• What you have to do
Omit the images, then repeat the listing exactly.
[[ Collected material, beginning ]]
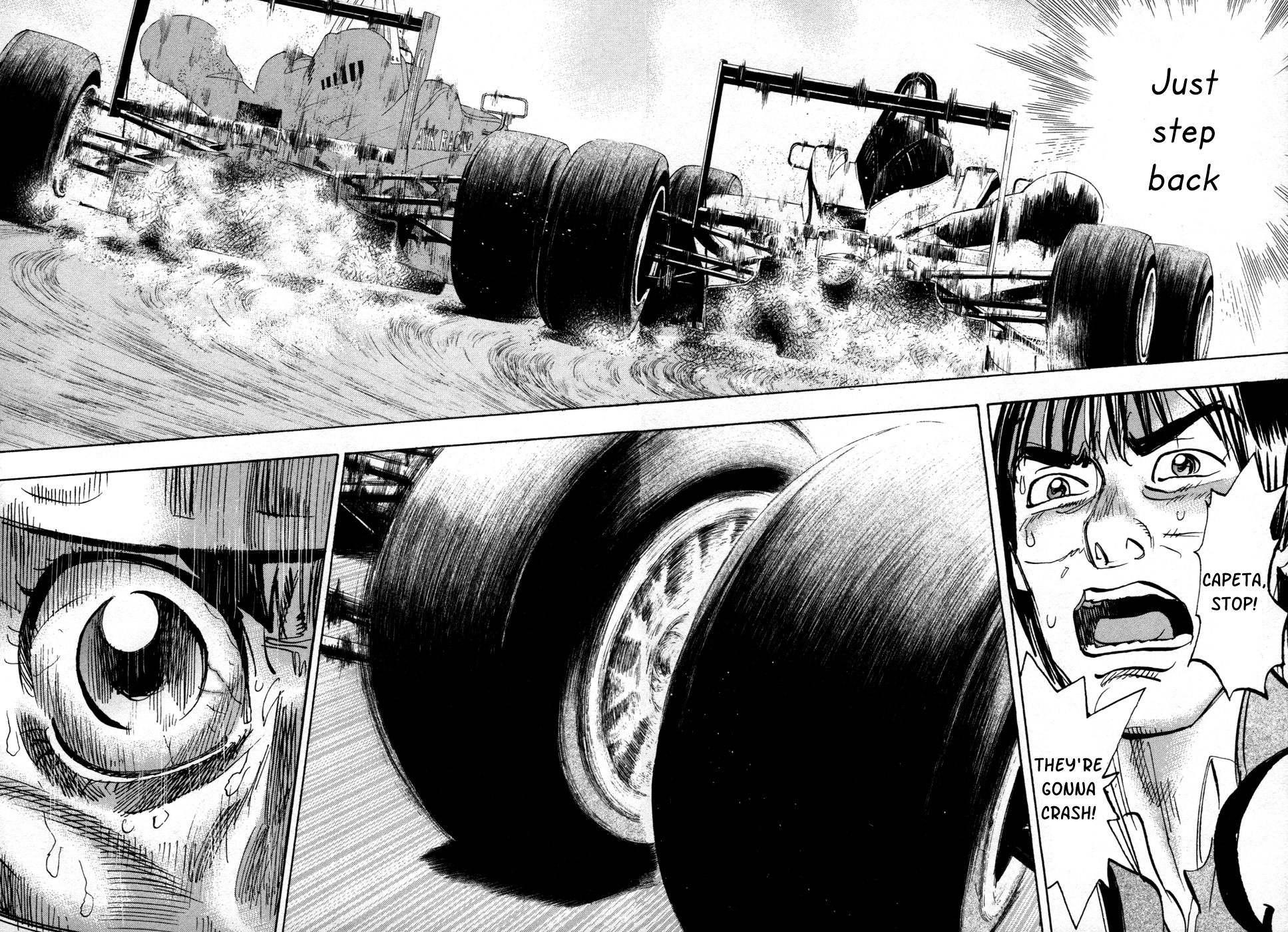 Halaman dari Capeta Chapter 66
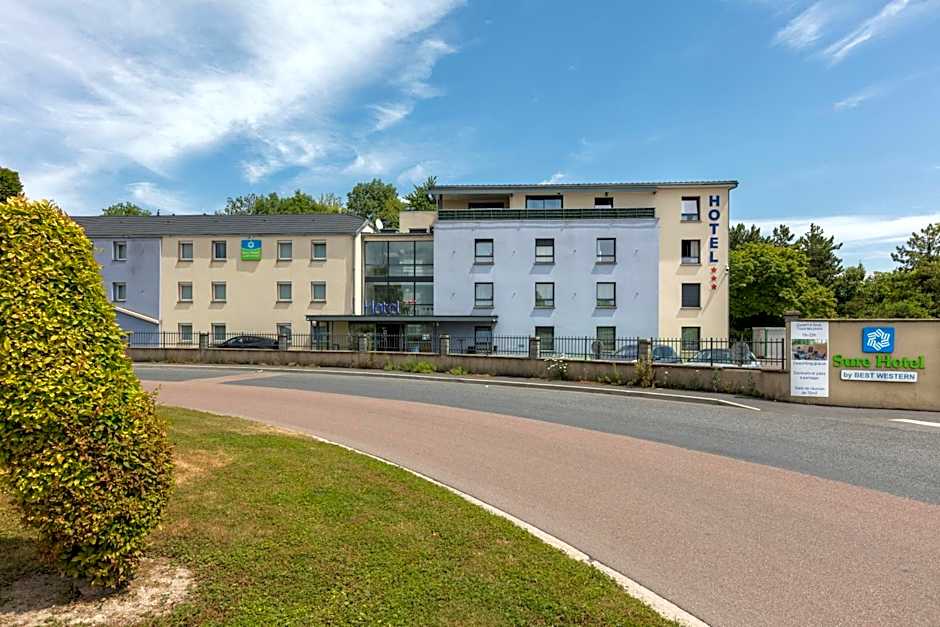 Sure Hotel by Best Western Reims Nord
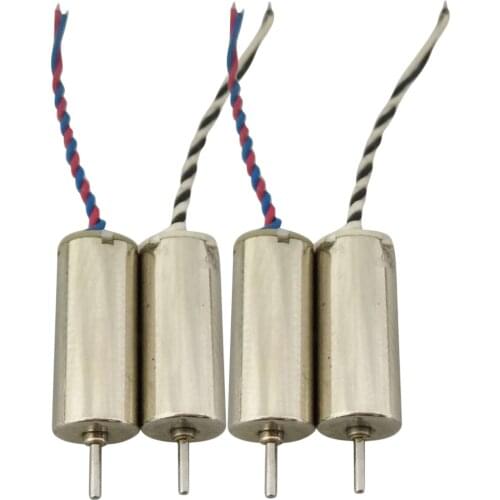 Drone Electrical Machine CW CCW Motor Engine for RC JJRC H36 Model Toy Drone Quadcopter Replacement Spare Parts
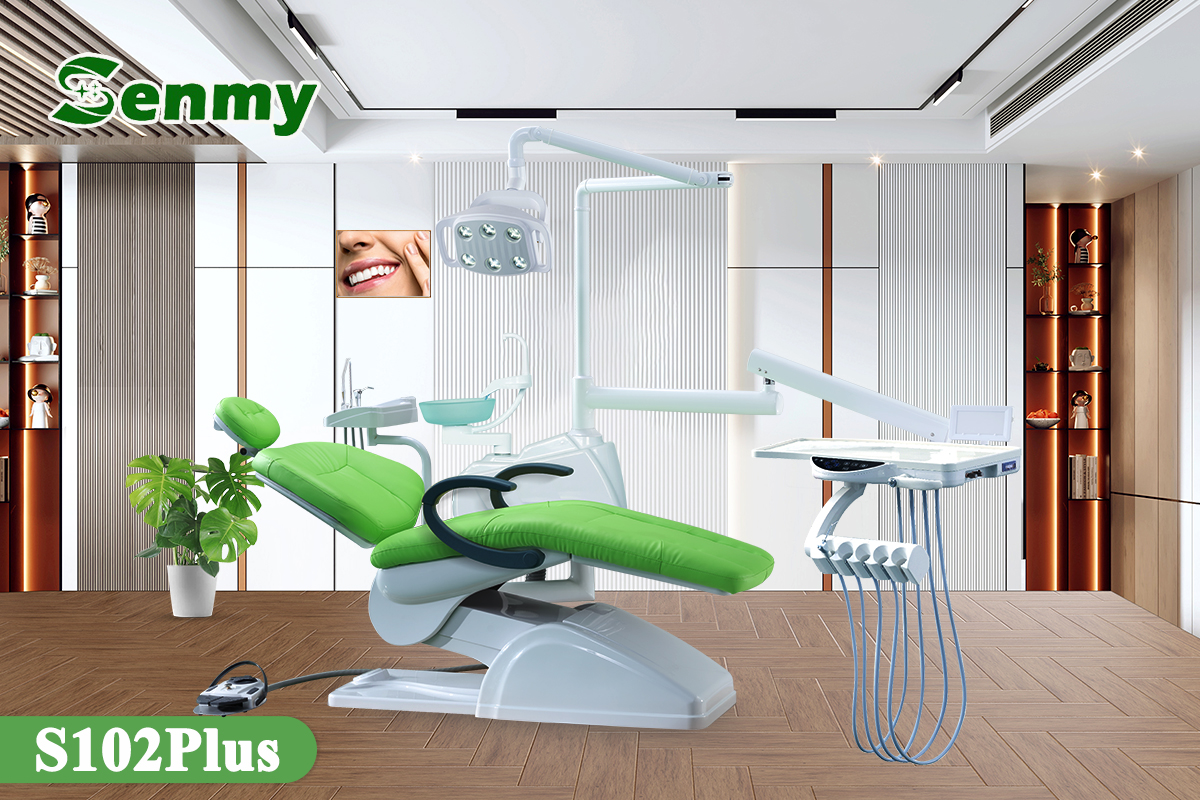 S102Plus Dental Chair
[[ Collected material, end ]]
• Solution
 Halaman dari Capeta Chapter 66
 Sure Hotel by Best Western Reims Nord
 Drone Electrical Machine CW CCW Motor Engine for RC JJRC H36 Model Toy Drone Quadcopter Replacement Spare Parts
 S102Plus Dental Chair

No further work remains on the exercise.